Just minutes before the award ceremony is over and the guests are leaving the Concert House, I get, together with one or two other photographers, a couple of minutes with the celebrities trying to get a decent group shot.

We do it in the same corridor every year and it is mostly a matter of shooting a lot of pictures, as many as I can, so I can get at least one where they all look in the same directions with their eyes open and hopefully with a smile.

I have found that the safest way to do that is to attach a Speedlight and just let the camera, AF and TTL do the rest. It is not really the right place or time to create something spectacular, not getting a useful group portrait is not an option.


The ceremony itself is often a mix of speeches, visual presentations and music. Me and the other photographers covering the event for Swedish and international media are sitting on the balcony quite far away from the stage.

For that part I used a Nikon D800 and a 70-200/2.8 VRII, being the official photographer I get a good seat with something to rest my camera on in front of me, so I don’t have to bring a tripod.


It is very dark in the large hall, and the lighting varies a bit depending on what happens on stage. I usually take a few test shots and set the camera to manual exposure so I can easily process the photos in Lightroom with the same settings. This year I brought a laptop so I could deliver a few photos right after the ceremony and the group portrait was shot.


During the ceremony, there is a lot of time it seems, so when I feel that I have what I need from each part of the programme, I try to find something more creative. I can’t remember who said it, but trying not to shoot the same photo over and over again when you feel that you already have it is a waste of time.

The first time I did this assignment, I came home with a lot of photos that I had to go through to find the ones I felt I could deliver. Now I try to delete as much as I can in the camera and that saves a lot of time.


A lot has happened during these five years I have been doing this, the first year I think I used a 12MP Nikon D2X with a 80-200/2.8. Sure, the crop factor of the DX sensor did come in handy, but the relatively small files and the bad ISO performance compared to the D800/D600 I used now makes a lot of difference.

Now I can crop any file really hard and still have a high resolution file that is fit to print in large sizes. Not to mention that VR is nice if I need it, and also the noise levels at higher ISO is a lot better. But I still try to keep it as maximum 400 if I can.

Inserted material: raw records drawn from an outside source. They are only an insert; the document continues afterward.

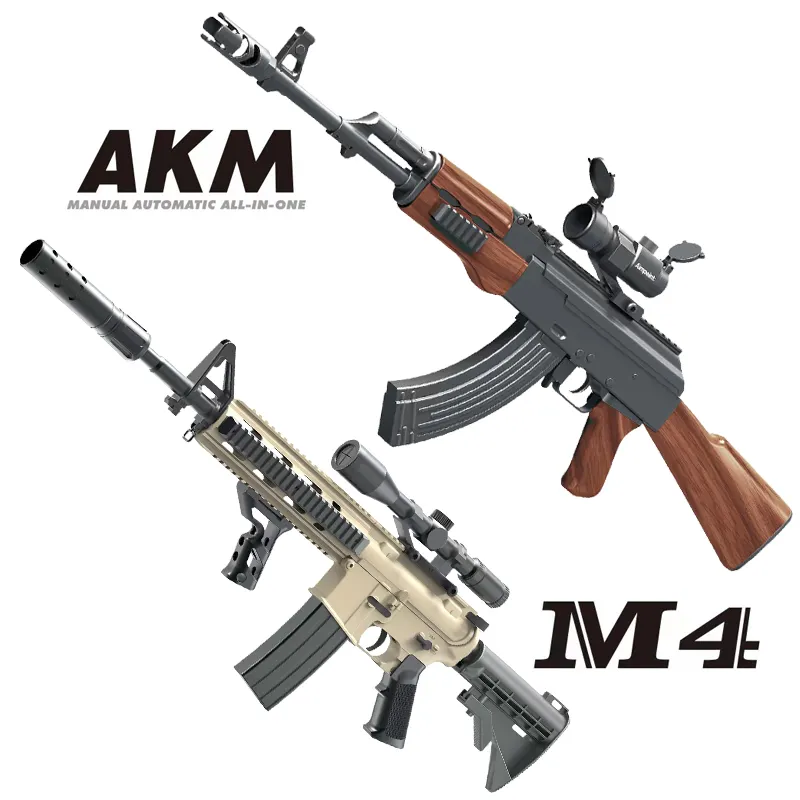 กราฟฟิตี M4 AKM 47 ขนาดใหญ่เจลไฟฟ้า Blaster ปืนของเล่นไฟฟ้าความเร็วสูงเปิดตัวเจลบอลปืนเด็กน้ํา Hydrogel ปืนของเล่น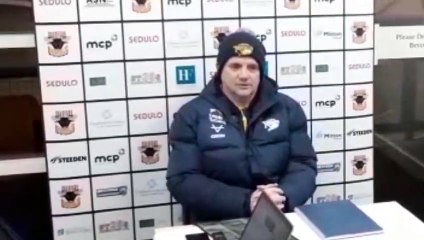 Richard Agar Press Conference 23rd January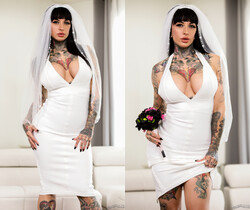 Wild Wedding: Jessie Lee's First Anal - Burning Angel - Interracial HD Gallery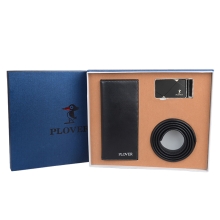 PLOVER香港啄木鸟钱包皮带套装礼盒 GD820004-2A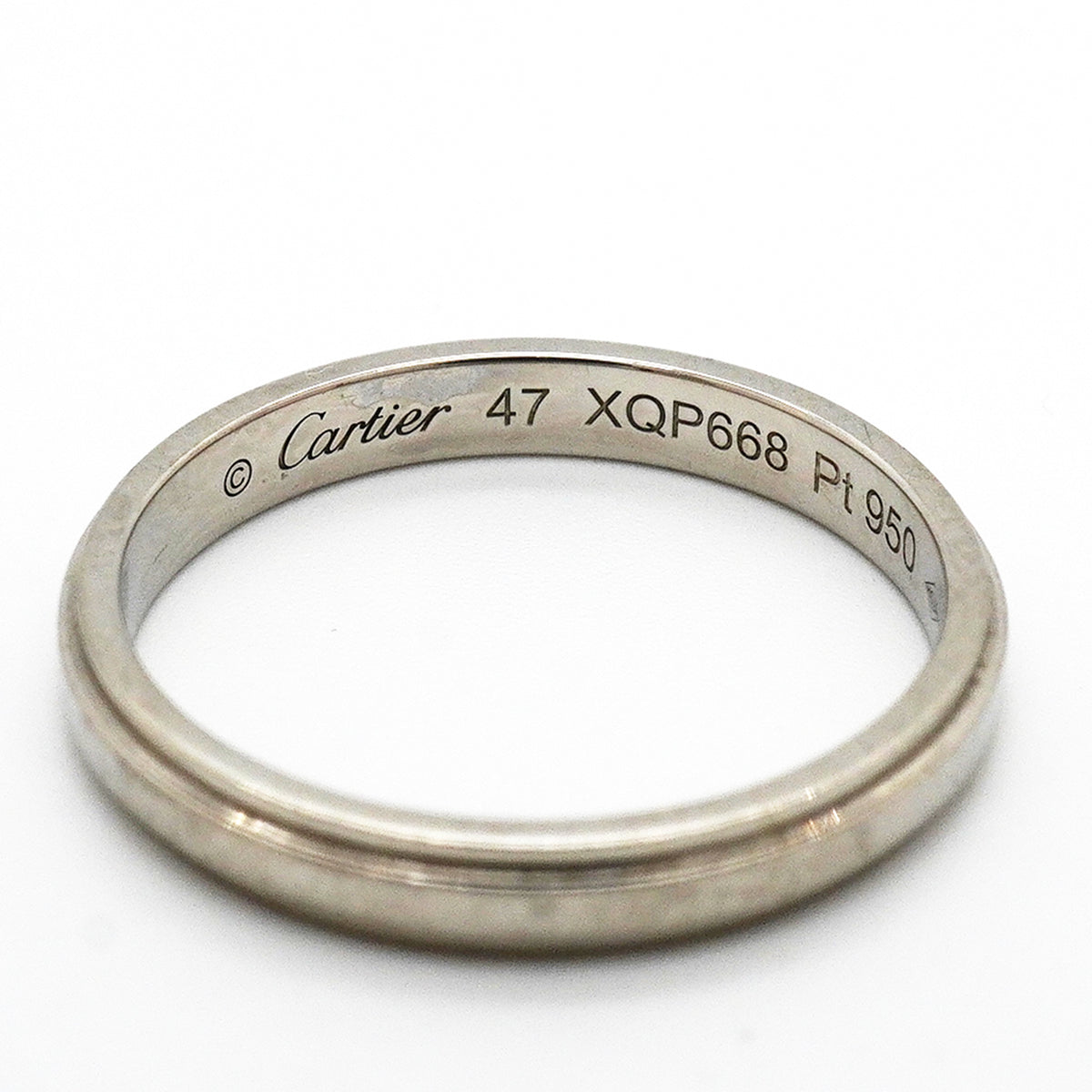 【6jkb0307】カルティエ リング ダムール Pt950 プラチナ ＃47【中古】レディース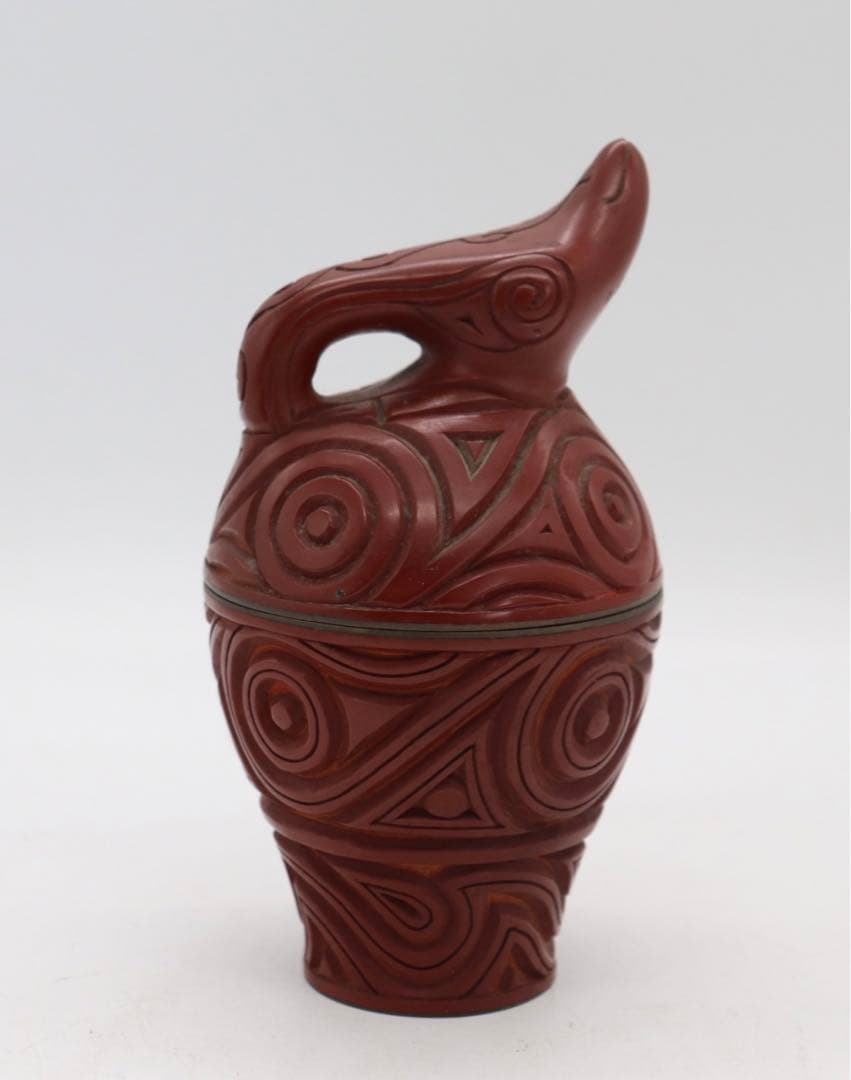 レア 中国 鳥型堆朱蓋物 送料込み0808 堆朱（ついしゅ）の買取 | 骨董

After the ceremony I processed a few photos in Lightroom and sent to my client, minutes later they used them on the web site, blog and in their image bank.

I still had to go through the laptop, one press photographer beside me sent directly via a pocket sized 4G router and a transmitter on his camera. It looked very handy, but I guess I wouldn’t have much use for that kind of equipment so I think I will keep my laptop a while longer.


I don’t think of the technological advances much when I work ordinary days, but on events like this it is evident how fast things are changing. Many clients wants photos as soon as possible to publish directly, and “as soon as possible” is not the same as it was a couple of years ago.


In the same way, many things are getting better when speaking of size. Just to be on the safe side, I brought both a D800 and a D600, you wouldn’t want your camera breaking at the wrong moment without a backup.

But I also brought my Fuji X100s to test it a bit, and I think it is going to be a good extra camera to have in my camera bag on every assignment. The last photo above is from the Fuji, producing files in almost the same size as the D600, and at least as sharp and useful.

And that was that, now I can get back to trying to keep the twins from banging toys in each others heads, and later start working with new blog posts on studio lighting and other subjects again.